*** Data excerpt Section Begins ***
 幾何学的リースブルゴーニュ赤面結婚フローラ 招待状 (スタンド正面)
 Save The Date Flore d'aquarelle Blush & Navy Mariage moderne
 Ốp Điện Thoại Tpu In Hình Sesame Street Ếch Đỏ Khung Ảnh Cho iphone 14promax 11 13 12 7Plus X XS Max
*** Data excerpt Section Ends ***
Write out the data once more, word for word.

 幾何学的リースブルゴーニュ赤面結婚フローラ 招待状 (スタンド正面)
 Save The Date Flore d'aquarelle Blush & Navy Mariage moderne
 Ốp Điện Thoại Tpu In Hình Sesame Street Ếch Đỏ Khung Ảnh Cho iphone 14promax 11 13 12 7Plus X XS Max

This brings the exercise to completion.